Repeat exactly the lines from the first line of the records through the line containing "Maglione verde chiaro", and nothing more.

================================

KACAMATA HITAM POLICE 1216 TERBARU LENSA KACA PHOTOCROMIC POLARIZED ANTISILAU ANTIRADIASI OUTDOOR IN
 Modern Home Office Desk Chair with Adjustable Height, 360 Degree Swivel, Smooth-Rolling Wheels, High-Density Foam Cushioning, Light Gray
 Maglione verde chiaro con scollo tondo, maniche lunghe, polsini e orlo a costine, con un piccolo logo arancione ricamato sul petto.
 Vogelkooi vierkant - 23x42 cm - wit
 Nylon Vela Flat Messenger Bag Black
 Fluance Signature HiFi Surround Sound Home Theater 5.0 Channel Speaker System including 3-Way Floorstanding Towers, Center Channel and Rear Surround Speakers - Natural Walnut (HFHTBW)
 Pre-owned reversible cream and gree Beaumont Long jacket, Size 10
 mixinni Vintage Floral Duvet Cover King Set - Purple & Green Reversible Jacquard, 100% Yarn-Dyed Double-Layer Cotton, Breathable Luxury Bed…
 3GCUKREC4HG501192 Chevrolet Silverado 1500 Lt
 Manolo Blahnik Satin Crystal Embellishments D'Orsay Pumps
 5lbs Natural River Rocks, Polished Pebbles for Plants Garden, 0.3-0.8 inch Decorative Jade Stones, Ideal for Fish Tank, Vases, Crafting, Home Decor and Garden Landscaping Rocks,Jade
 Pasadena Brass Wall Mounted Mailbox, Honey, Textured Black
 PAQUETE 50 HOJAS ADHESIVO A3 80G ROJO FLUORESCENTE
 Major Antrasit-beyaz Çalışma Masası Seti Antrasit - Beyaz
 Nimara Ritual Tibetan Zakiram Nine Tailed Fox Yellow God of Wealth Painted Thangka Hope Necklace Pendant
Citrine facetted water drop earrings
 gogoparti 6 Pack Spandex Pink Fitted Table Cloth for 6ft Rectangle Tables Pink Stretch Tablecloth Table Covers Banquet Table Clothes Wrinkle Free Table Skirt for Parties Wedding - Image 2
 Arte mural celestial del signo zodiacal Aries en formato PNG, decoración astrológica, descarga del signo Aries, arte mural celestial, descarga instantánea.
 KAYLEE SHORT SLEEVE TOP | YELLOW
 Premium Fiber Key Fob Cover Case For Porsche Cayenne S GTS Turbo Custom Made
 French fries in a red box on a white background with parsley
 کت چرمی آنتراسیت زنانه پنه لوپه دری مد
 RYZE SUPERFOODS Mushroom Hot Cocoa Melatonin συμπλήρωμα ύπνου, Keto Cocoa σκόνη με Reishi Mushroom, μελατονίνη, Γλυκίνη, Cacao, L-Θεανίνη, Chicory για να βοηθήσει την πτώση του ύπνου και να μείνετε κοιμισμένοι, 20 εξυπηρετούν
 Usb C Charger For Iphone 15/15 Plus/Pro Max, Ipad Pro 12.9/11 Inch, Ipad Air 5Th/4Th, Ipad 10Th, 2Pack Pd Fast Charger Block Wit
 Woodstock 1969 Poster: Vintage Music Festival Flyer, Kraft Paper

================================

**Reply to the exercise**:
KACAMATA HITAM POLICE 1216 TERBARU LENSA KACA PHOTOCROMIC POLARIZED ANTISILAU ANTIRADIASI OUTDOOR IN
 Modern Home Office Desk Chair with Adjustable Height, 360 Degree Swivel, Smooth-Rolling Wheels, High-Density Foam Cushioning, Light Gray
 Maglione verde chiaro con scollo tondo, maniche lunghe, polsini e orlo a costine, con un piccolo logo arancione ricamato sul petto.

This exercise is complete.